Information shown

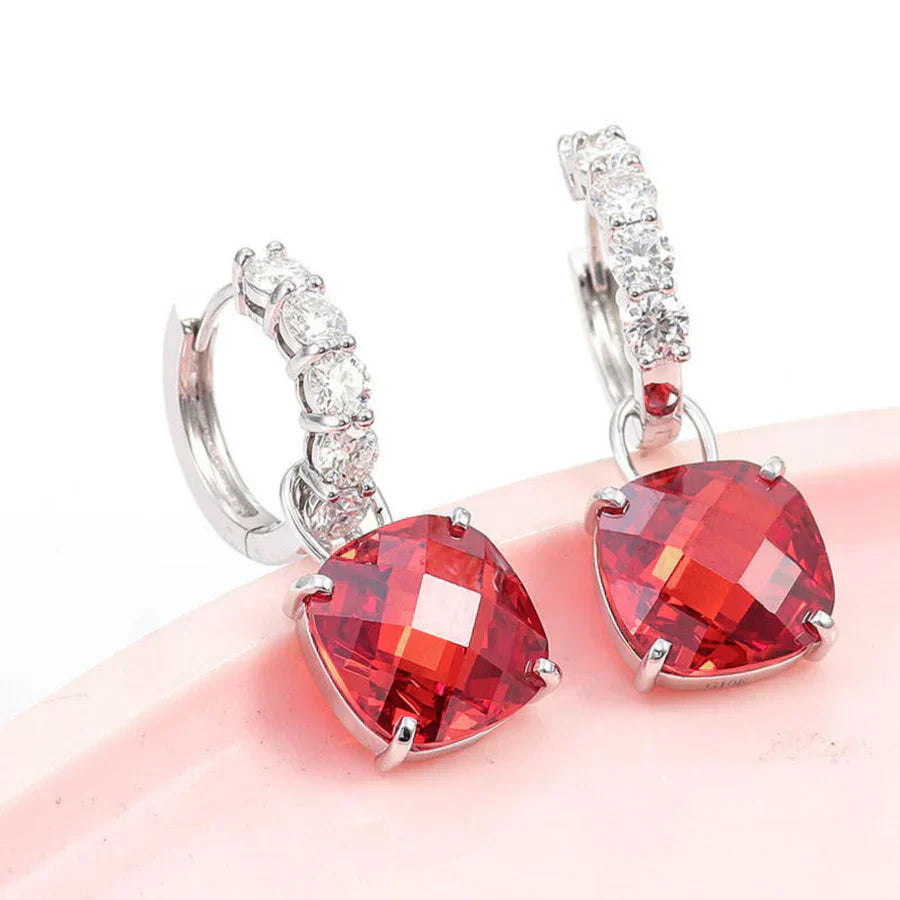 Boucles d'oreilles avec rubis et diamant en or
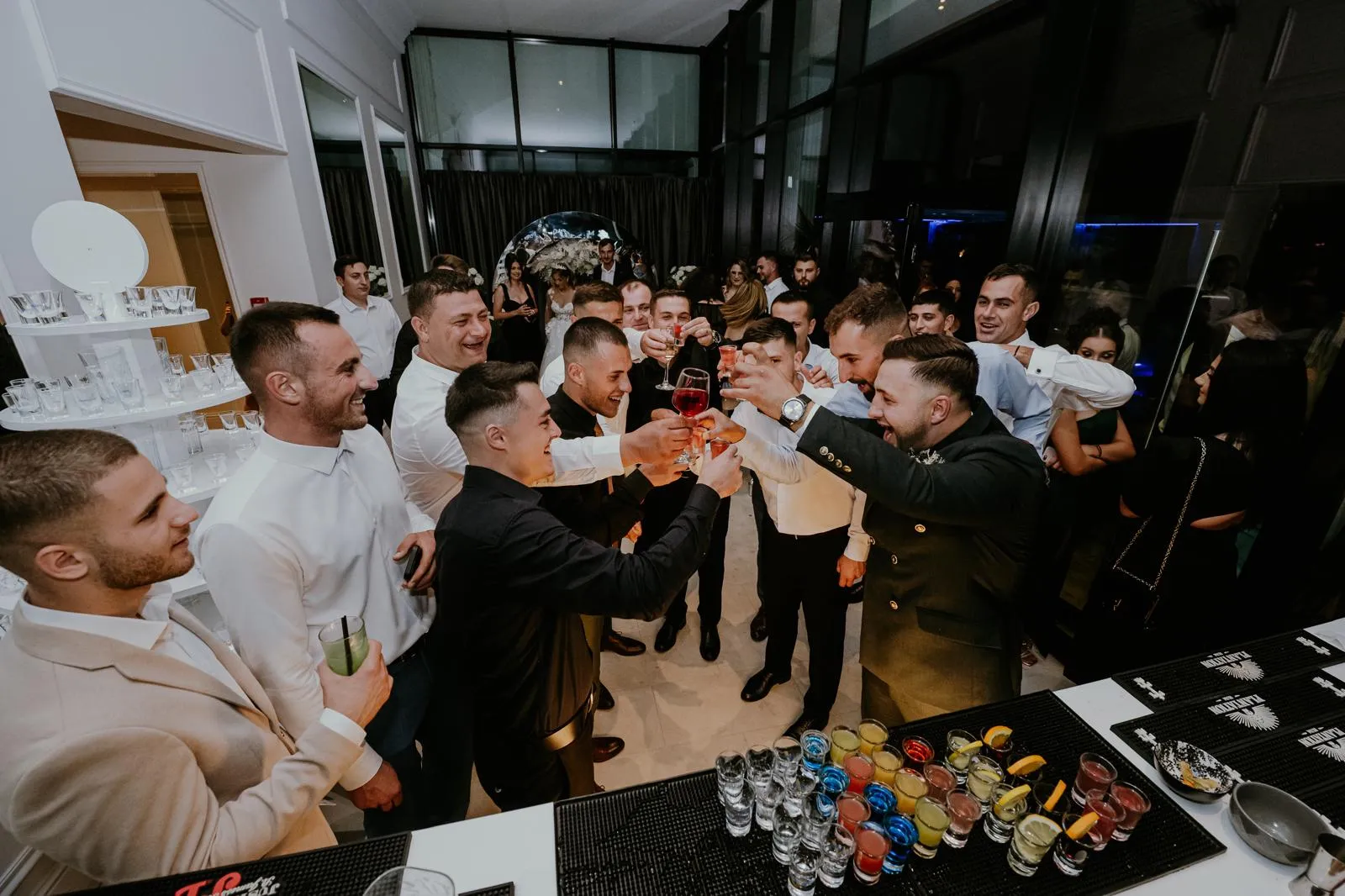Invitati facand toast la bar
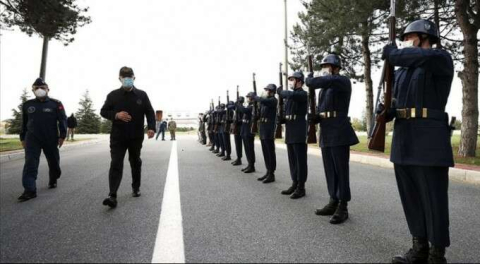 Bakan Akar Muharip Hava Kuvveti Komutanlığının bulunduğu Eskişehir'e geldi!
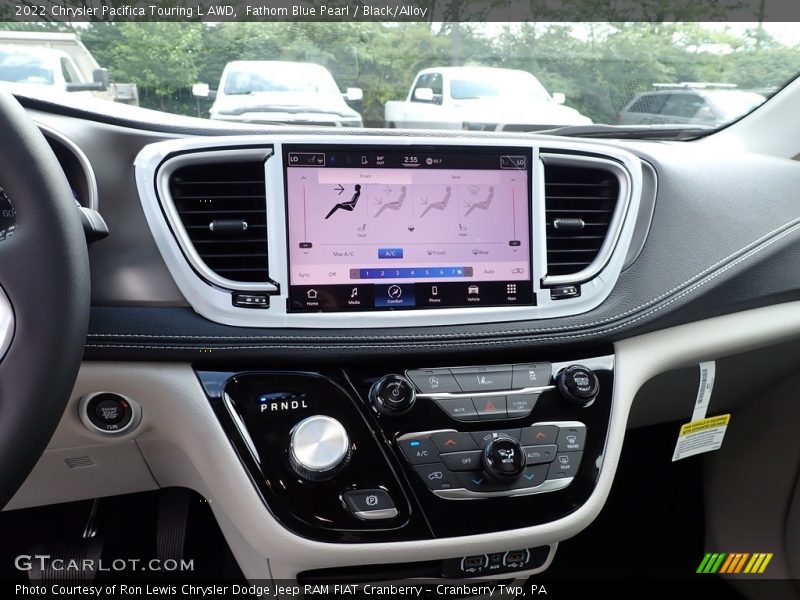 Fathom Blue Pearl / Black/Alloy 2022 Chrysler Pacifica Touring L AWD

Task to carry out
Each line above is to be duplicated exactly, and the pictures are to be omitted.

Response below
 Boucles d'oreilles avec rubis et diamant en or
Invitati facand toast la bar
 Bakan Akar Muharip Hava Kuvveti Komutanlığının bulunduğu Eskişehir'e geldi!
 Fathom Blue Pearl / Black/Alloy 2022 Chrysler Pacifica Touring L AWD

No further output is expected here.